From: Chuck Lever <cel@kernel.org>
To: NeilBrown <neilb@ownmail.net>, Jeff Layton <jlayton@kernel.org>,
Olga Kornievskaia <okorniev@redhat.com>,
Dai Ngo <dai.ngo@oracle.com>, Tom Talpey <tom@talpey.com>
Cc: <linux-nfs@vger.kernel.org>, <linux-rdma@vger.kernel.org>,
Chuck Lever <chuck.lever@oracle.com>
Subject: [RFC PATCH 13/15] svcrdma: clear XPT_DATA on sc_read_complete_q consumption
Date: Tue, 10 Feb 2026 11:32:20 -0500 [thread overview]
Message-ID: <20260210163222.2356793-14-cel@kernel.org> (raw)
In-Reply-To: <20260210163222.2356793-1-cel@kernel.org>
From: Chuck Lever <chuck.lever@oracle.com>
svc_rdma_wc_read_done() sets XPT_DATA when adding a
completed RDMA Read context to sc_read_complete_q. The
consumer in svc_rdma_recvfrom() takes the context but
leaves XPT_DATA set. The subsequent svc_xprt_received()
clears XPT_BUSY and re-enqueues the transport; because
XPT_DATA remains set, a second thread awakens. That thread
finds both queues empty, accomplishes nothing, and releases
its slot and reservation.
Trace data from a 256KB NFSv3 WRITE workload over RDMA
shows approximately 14 enqueue attempts per RPC, with 62%
returning immediately due to no pending data. The majority
originate from this spurious dispatch path.
After clearing XPT_DATA to acknowledge consumption, the
XPT_DATA state must be recomputed from both queue states.
A concurrent producer may call llist_add and then
set_bit(XPT_DATA) between this consumer's llist_del_first
and the clear_bit, causing clear_bit to erase the producer's
signal.
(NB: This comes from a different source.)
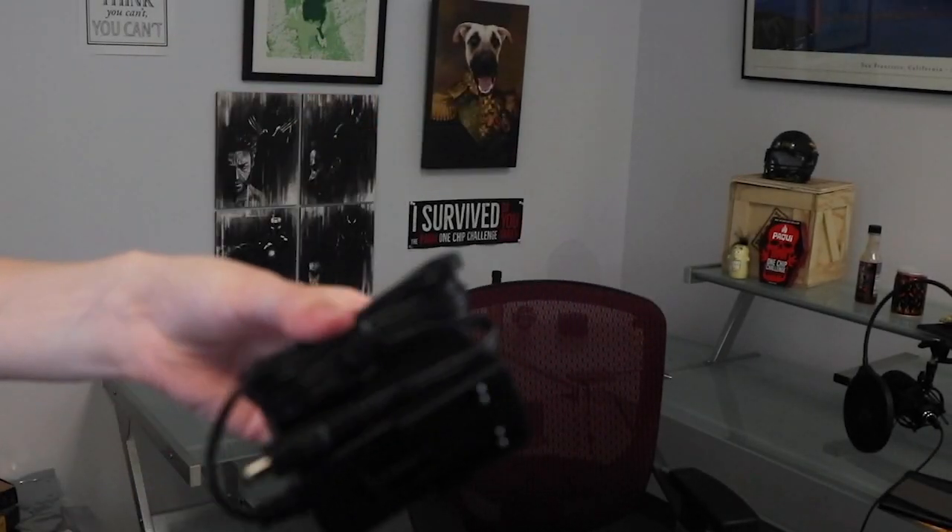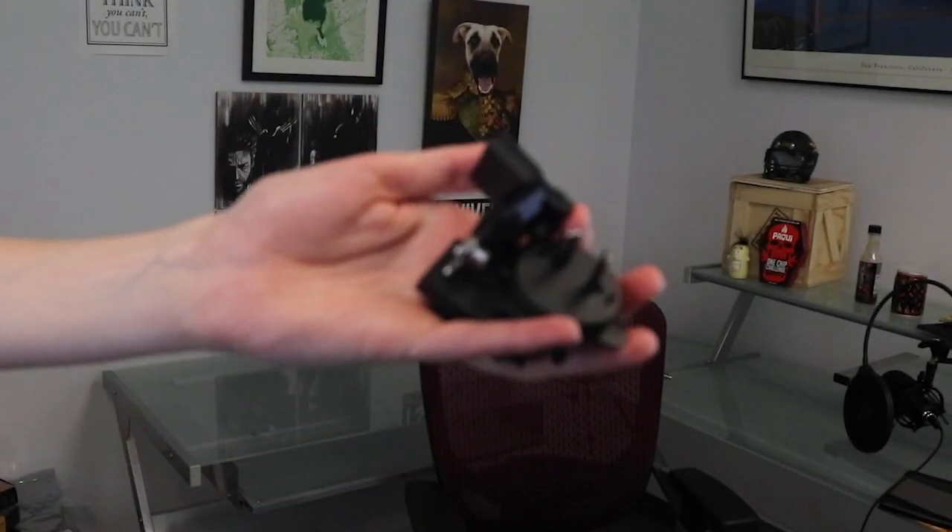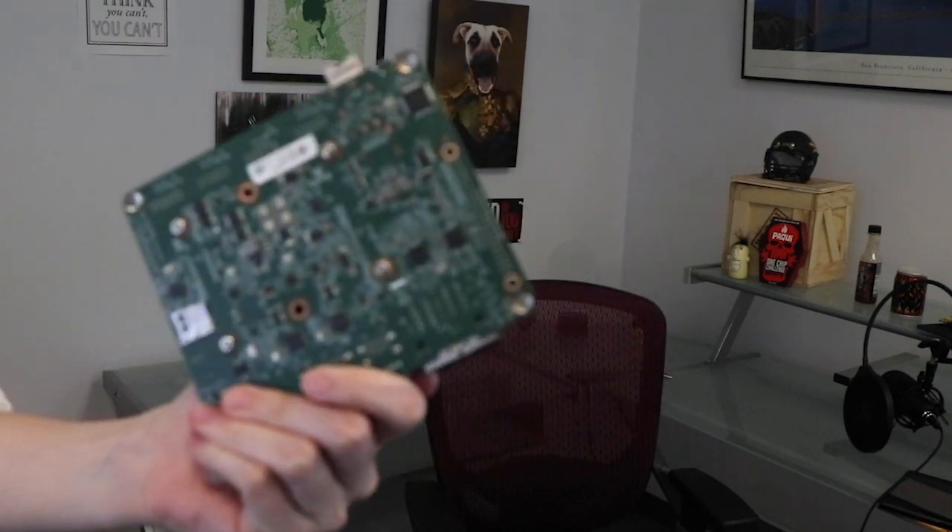This week on DevKit Weekly, we're going to be reviewing and raffling the KRIA KR260 Robotics Starter Kit from AMD Xilinx.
An smp_mb__after_atomic() barrier after clear_bit
pairs with the implicit barrier in each producer's llist_add
cmpxchg, ensuring llist_empty rechecks observe any add whose
set_bit was erased. This barrier requirement applies at both
call sites: the new sc_read_complete_q path and the
pre-existing sc_rq_dto_q "both queues empty" path.
A new helper svc_rdma_update_xpt_data() centralizes this
clear/barrier/recheck/set pattern to ensure both locations
maintain the required memory ordering.
Signed-off-by: Chuck Lever <chuck.lever@oracle.com>
---
net/sunrpc/xprtrdma/svc_rdma_recvfrom.c | 33 ++++++++++++++++---------
1 file changed, 22 insertions(+), 11 deletions(-)
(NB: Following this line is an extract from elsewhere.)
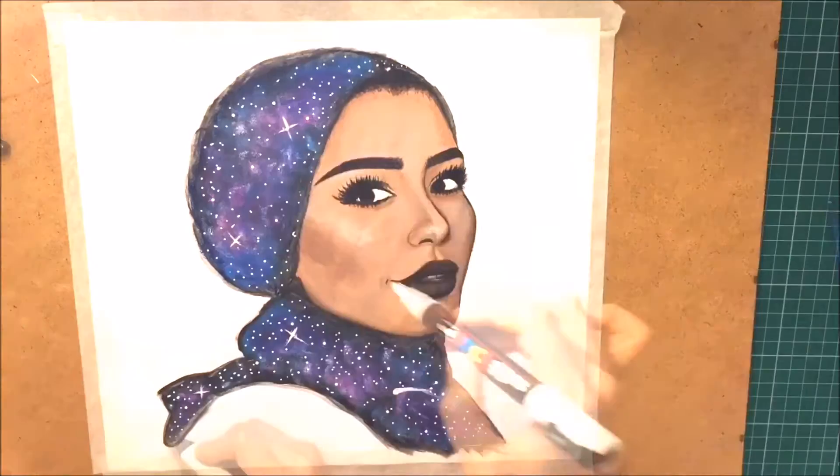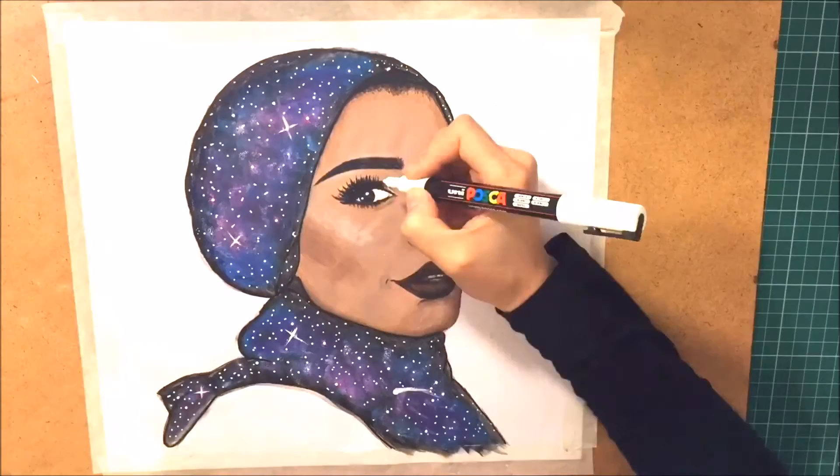Here I'm just doing the final touches to her hijab and also the highlights to her face. I hope you enjoyed watching this video — don't forget to like, comment, and subscribe to my channel.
diff --git a/net/sunrpc/xprtrdma/svc_rdma_recvfrom.c b/net/sunrpc/xprtrdma/svc_rdma_recvfrom.c
index b48ef78c79c2..2ee9819a53d7 100644
--- a/net/sunrpc/xprtrdma/svc_rdma_recvfrom.c
+++ b/net/sunrpc/xprtrdma/svc_rdma_recvfrom.c
@@ -917,6 +917,25 @@ static noinline void svc_rdma_read_complete(struct svc_rqst *rqstp,
trace_svcrdma_read_finished(&ctxt->rc_cid);
}
+/*
+ * Recompute XPT_DATA from queue state after consuming a completion. A
+ * concurrent producer may have called llist_add and then set_bit(XPT_DATA)
+ * between this consumer's llist_del_first and the clear_bit below, causing
+ * clear_bit to erase the producer's signal. The barrier pairs with the
+ * implicit barrier in each producer's llist_add so that the llist_empty
+ * rechecks observe any add whose set_bit was erased.
+ */
+static void svc_rdma_update_xpt_data(struct svcxprt_rdma *rdma)
+{
+ struct svc_xprt *xprt = &rdma->sc_xprt;
+
+ clear_bit(XPT_DATA, &xprt->xpt_flags);
+ smp_mb__after_atomic();
+ if (!llist_empty(&rdma->sc_rq_dto_q) ||
+ !llist_empty(&rdma->sc_read_complete_q))
+ set_bit(XPT_DATA, &xprt->xpt_flags);
+}
+
/**
* svc_rdma_recvfrom - Receive an RPC call
* @rqstp: request structure into which to receive an RPC Call
@@ -965,6 +984,8 @@ int svc_rdma_recvfrom(struct svc_rqst *rqstp)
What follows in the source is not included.